The exercise for this section is located in 01_intro/02_modules

Functions

Empty modules are not that useful: let's add some functions to our extension!
As you've seen in the "Setup" section, pyo3 provides another procedural macro to define functions that can be called from Python: #[pyfunction].

Back then we used it to define the it_works function:

#![allow(unused)]
fn main() {
use pyo3::prelude::*;

// 👇 A Python function defined in Rust
#[pyfunction]
fn it_works() -> bool {
    true
}
}

Unlike modules, functions aren't exposed to Python automatically; you must attach them to a module using the wrap_pyfunction! macro:

#![allow(unused)]
fn main() {
#[pymodule]
fn setup(m: &Bound<'_, PyModule>) -> PyResult<()> {
    // 👇 Expose the function to Python
    m.add_function(wrap_pyfunction!(it_works, m)?)?;
    Ok(())
}
}

Exercise

The exercise for this section is located in 01_intro/03_functions

Arguments

no_op, the function you added to solve the previous exercise, is very simple:

#![allow(unused)]
fn main() {
use pyo3::prelude::*;
    
#[pyfunction]
fn no_op() {
    // Do nothing
}
}

Let's take it up a notch: what if you want to pass a value from Python to Rust?

The FromPyObject trait

#[pyfunction] functions can take arguments, just like regular Rust functions.
But there's a catch: it must be possible to build those arguments from Python objects.

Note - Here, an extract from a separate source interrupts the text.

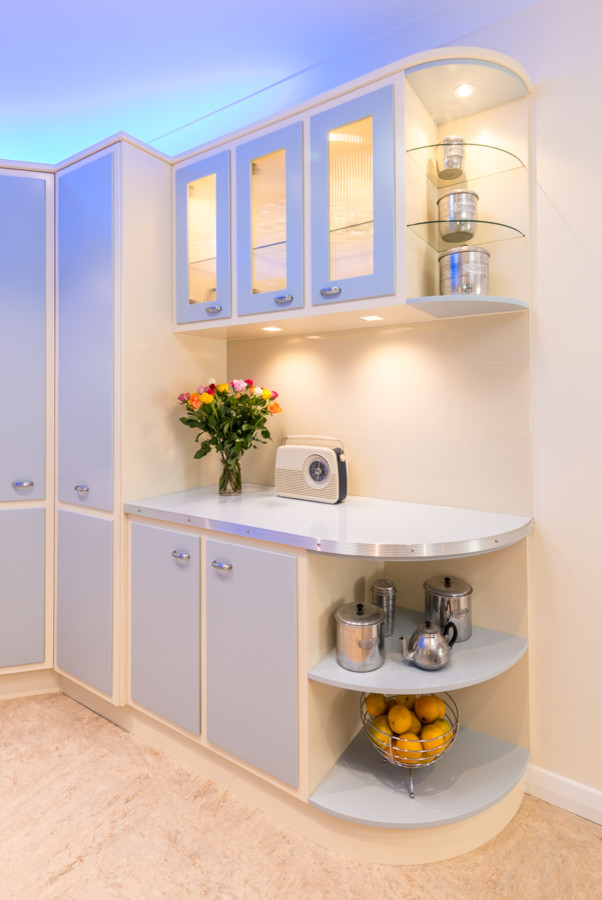 This is an example of a large eclectic u-shaped separate kitchen in Adelaide with a double-bowl sink, raised-panel cabinets, blue cabinets, laminate benchtops, white splashback, glass sheet splashback, black appliances, white walls, linoleum floors and with island.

The contract is encoded in the FromPyObject trait, defined in pyo3:

#![allow(unused)]
fn main() {
pub trait FromPyObject<'py>: Sized {
    fn extract_bound(ob: &Bound<'py, PyAny>) -> PyResult<Self>;
}
}

We won't go into the details of FromPyObject's definition just yet: it would require an in-depth discussion of Python's Global Interpreter Lock (GIL) and the way pyo3 models it in Rust. We'll get to it in the next section.
For the time being, let's focus on what the trait unlocks for us: the ability to convert Python objects into Rust types.

Available implementations

pyo3 provides implementations of FromPyObject for a large number of types—e.g. i32, f64, String, Vec, etc. You can find an exhaustive list in pyo3's guide, under the "Rust" table column.

Conversion cost

Going from a Python object to a Rust type is not free—e.g. the in-memory representation of a Python list doesn't match the in-memory representation of a Rust Vec.
The conversion introduces a (usually small) overhead that you'll have to incur every time you invoke your Rust function from Python. It's a good trade-off if you end up performing enough computational work in Rust to amortize the conversion cost.

Python-native types

In pyo3's documentation you can see a column of "Python-native" types.
Don't try to use them to solve the exercise for this section: we'll cover them in the next one.

References

Exercise

The exercise for this section is located in 01_intro/04_arguments

Global Interpreter Lock (GIL)

If you go back to pyo3's documentation on arguments, you'll find a table column listing so called "Python-native" types. What are they, and why would you use them?

Python-native types

There is overhead in converting a Python object into a Rust-native type.
That overhead might dominate the cost of invoking your Rust function if the function itself isn't doing much computational work. In those cases, it can be desirable to work directly using Python's in-memory representation of the object. That's where the Py* types come in: they give you direct access to Python objects, with minimal overhead1.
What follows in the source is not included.